The AxonOps go-audit library, a security-critical tool designed for regulated environments, currently operates without a formal vulnerability disclosure policy. This significant gap leaves security researchers with no documented, responsible channel to report potential security flaws, creating a blind spot for users who depend on the library's integrity. The absence of a `SECURITY.md` file also results in a penalty from the OpenSSF Scorecard, a benchmark for open-source security practices, signaling a foundational weakness in the project's security posture.

The issue calls for the immediate creation of a `SECURITY.md` policy at the repository's root. The required policy must clearly define supported versions, specifying that only the latest minor release of the pre-release v0.x series will receive security patches. It must establish GitHub Security Advisories as the primary reporting channel and commit to an acknowledgment of reports within 48 hours and triage within 7 days, documented as a best-effort timeline given the project's pre-release status and limited maintainer resources. The policy also needs to outline a coordinated disclosure process with a 90-day window and explicitly scope in critical vulnerabilities like SSRF bypasses, TLS downgrades, credential leakage, and injection attacks, while ruling out formatting bugs and performance issues.

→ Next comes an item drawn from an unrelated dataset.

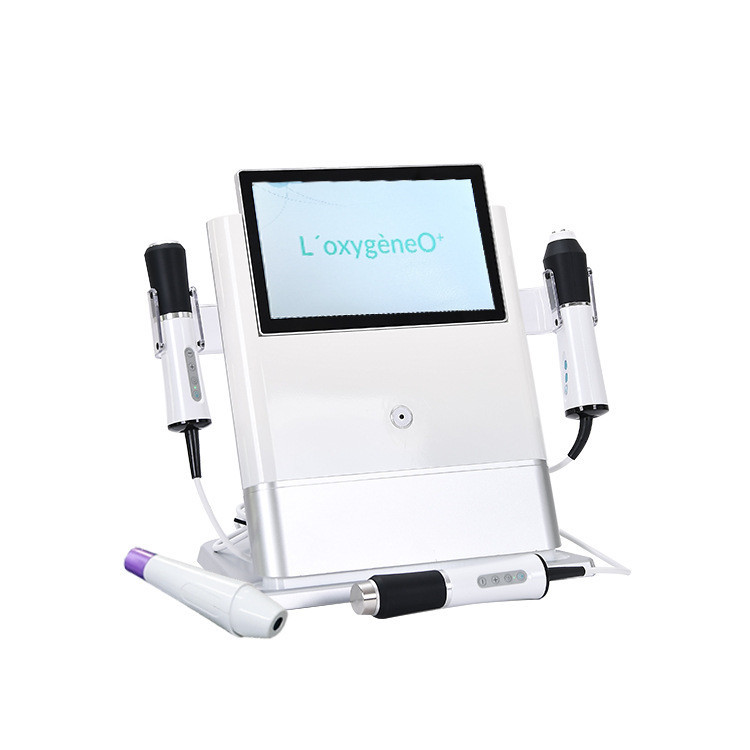 3 In 1 Ultrasonic CO2 Exfoliate Face Lifting Device Oxygen - Image 3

This missing policy is not merely a documentation oversight; it represents a direct operational risk. For an audit library targeting regulated sectors—where security compliance is non-negotiable—the inability to formally accept and process vulnerability reports undermines its core value proposition. The lack of a clear response timeline and disclosure framework could delay critical patches, leaving downstream systems exposed. Implementing this policy is a necessary first step to establish trust and a functional security feedback loop for a project in a high-stakes domain.